Closer economic ties Russia and China could spell the end of the dollar’s primacy in trade and even US imperialist hegemony.
Chinese President Xi Jinping arrived in Moscow on Monday for three days of talks with his Russian counterpart Vladimir Putin.
The meeting had already provoked a flurry of angry statements and political diversions, including the International Criminal Court’s attempt to accuse Putin of child abduction and Washington’s rejection of Beijing’s blueprint for peace in Ukraine.
Angelo Giuliano told Sputnik that ever-deepening cooperation between the two Eurasian giants had “far reaching consequences for the ‘collective West’.”
“China and Russia are very complementary,” Giuliano explained. “Russia has the natural resources that China is lacking and China has a very large industrial/manufacturing base and financial strength.”
Crucially, China can help Russia bypass sanctions imposed by Western countries following the launch of the military operation in Ukraine.
Moreover, “Both countries are preparing for a possible wider confrontation with the collective West,” Giuliano stressed. “Both countries are already in a de-facto alliance.”
The agenda for the summit is likely to include building a new international money transfer mechanism, independent from the Western SWIFT system that Russia is now locked out of. The analyst said that could eventually be based on a new currency controlled the BRICS development bank, based on a basket of the member states’ currencies and backed by gold reserves.
That could herald the end of US dominance of the financial system and the privileged position of its currency in international trade.
“The end of the dollar hegemony would initiate the downfall of the US, the end of the exorbitant privilege to print the global currency, to constantly finance trade deficit by issuing US debt which not meant to be repaid, a de-facto ‘Ponzi scheme’,” Giuliano said. “This would mean the end of lavish US lifestyle at the expanse of the Global South.”
A new international financial system, in competition with the US-based ‘Bretton-Woods’ institutions like the World Bank and International Monetary Fund (IMF), could be opened up to any country which wants to join, the expert said.
Its selling point would be “a much more democratic system without the veto vote applied in the US controlled World Bank and IMF,” Giuliano said. “Many countries have shown interest and the shift could be gradual.”
More and more Western leaders are describing Beijing in terms such as “systemic challenge” or even an “opponent,” and new data shows China’s manufacturing sector is now bigger than the US and European union combined.
“China is already leading in 37 out 44 technologies, the West is definitely seeing this as a challenge in the long run,” Giuliano pointed out. “But it is just unavoidable as China has a much larger population and has 10 times more STEM (science technology engineering mathematics) graduates than the US.”
Chris Devonshire-Ellis, Chairman of Dezan Shira & Associates with a thirty-year investment and business career in China, Russia and Asia, wrote that Russia and China are likely to strengthen military as well as economic cooperation.

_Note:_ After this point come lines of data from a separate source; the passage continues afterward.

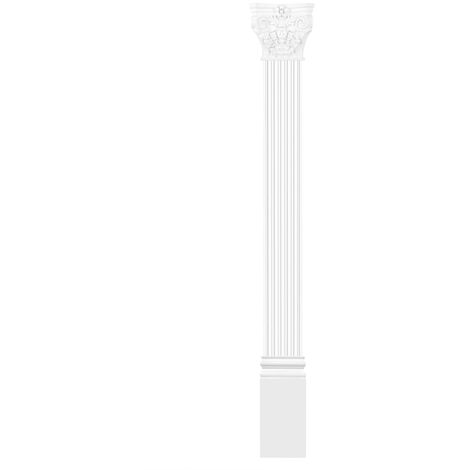 Pilastre 180x25mm relief mural décor stucco en PU Parfait D1522: Ensemble complet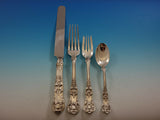 English King by Tiffany Sterling Silver Flatware Set Service 42 Pieces Dinner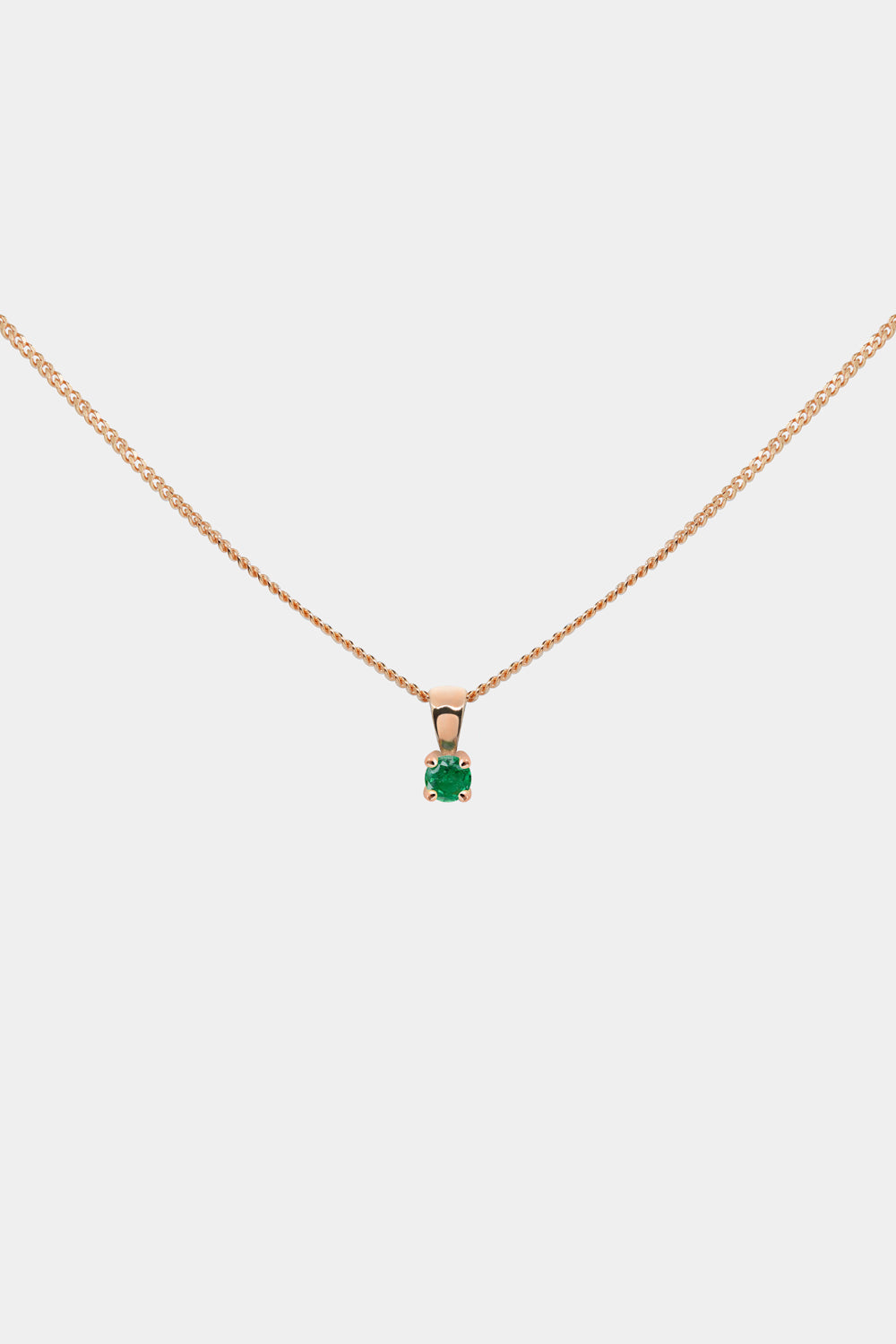 Birthstone Pendant | 9K Rose Gold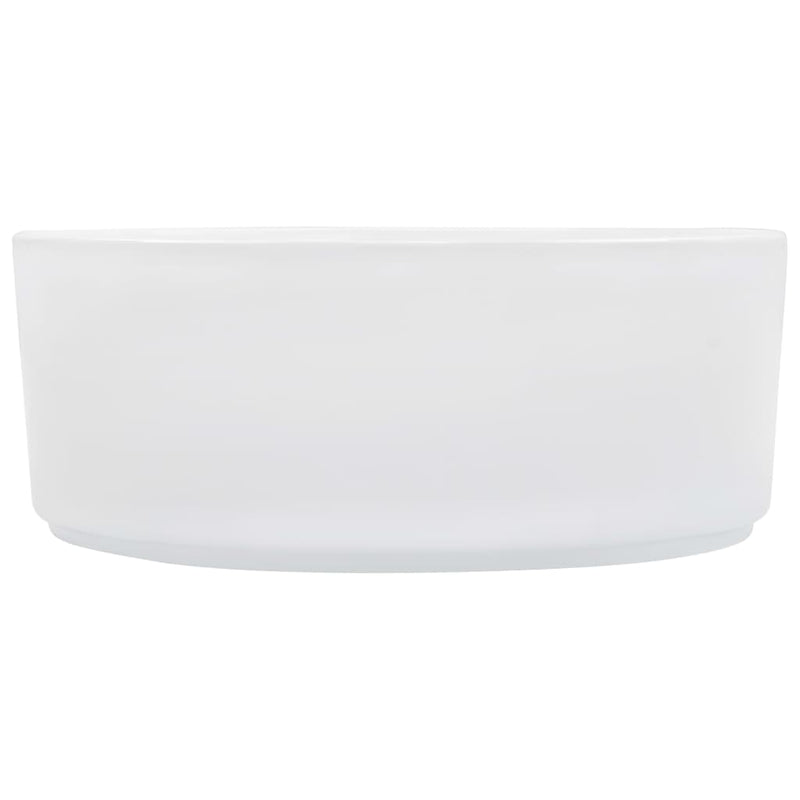 vidaXL Wash Basin 36x14 cm Ceramic White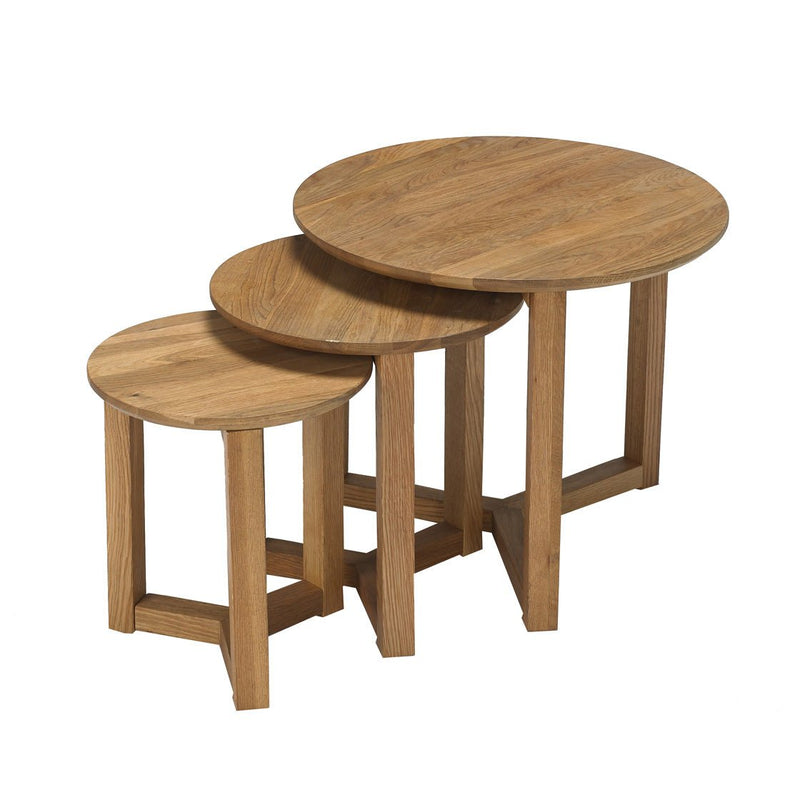 Stow Nest Of Tables Oak - Bedzy Limited Cheap affordable beds united kingdom england bedroom furniture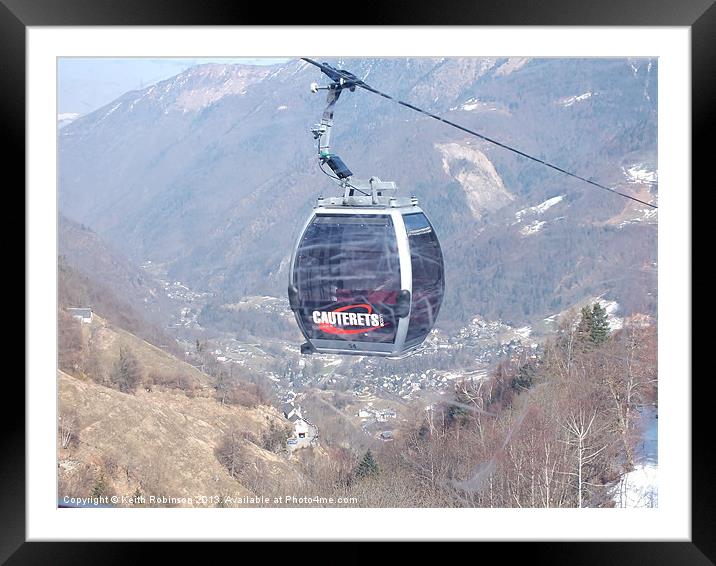 Gondolas in the Pyrenees Framed Mounted Print by Keith Robinson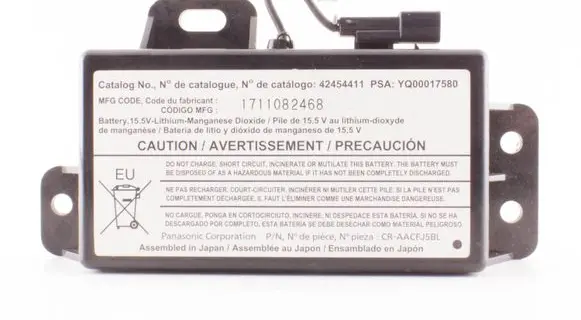 Opel Mokka Battery control module 42454411 YQ00017580 1711082468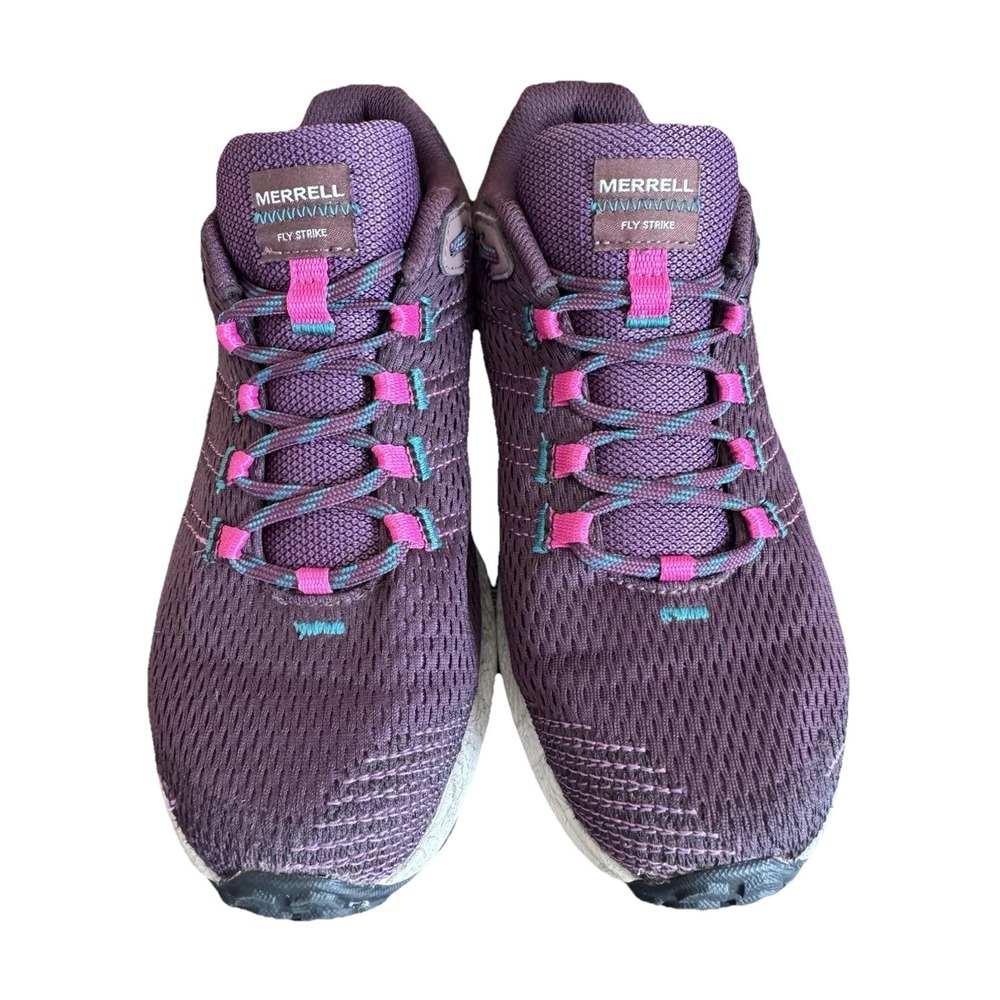 Merrell Fly Strike Light Trail Run Hike Shoe Burgundy Women's Sz 8 - J067064 - Picture 2 of 10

Regional security will be high on the agenda, with the 22-year-old Shanghai Cooperation Organisation (SCO) set to be “enhanced” and expanded to include such countries as Belarus, Bahrain, the Maldives, Myanmar, Kuwait, and the United Arab Emirates (UAE).
“This will give the SCO regional coverage over the complete Eurasian land mass to the borders of Eastern Europe, as well as include significant gains in the Middle East and South-East Asia,” Devonshire-Ellis wrote. “This is likely to be seen as the world ‘beyond the West’ within a new Cold War and has specific ramifications in the energy and trade sectors.”
He predicted the West would dub the expanding SCO a ‘threat to NATO’ and use it to justify a military build-up in Europe and prolonging the conflict in Ukraine.
But “Russia and to some extent China view NATO as the initial problem as it has expanded eastwards,” Devonshire-Ellis pointed out, and the SCO will become “the security front line between the two.”
The rejection of China’s 12-point peace plan for Ukraine by Washington and Brussels shows how the West’s rhetoric on the conflict has become “shrill, increasingly prone to conspiracy theories and misinformation, and warmongering.”
“The danger here is that the rest of the world has a vested interest in this conflict too, essential supply chains have been disrupted in both food and energy and have created real stress factors in multiple developing nations,” Devonshire-Ellis warned.
He explained that Beijing’s interest in peace stemmed from Ukraine’s membership of its ‘Belt and Road’ initiative to secure trade routes to Europe and Africa. China has provided loans to improve Ukraine’s ports, roads, and rail infrastructure. It is also the country’s biggest trade partner, the source of 14.4 per cent of Ukraine’s imports and buying 15.3 per cent of its exports.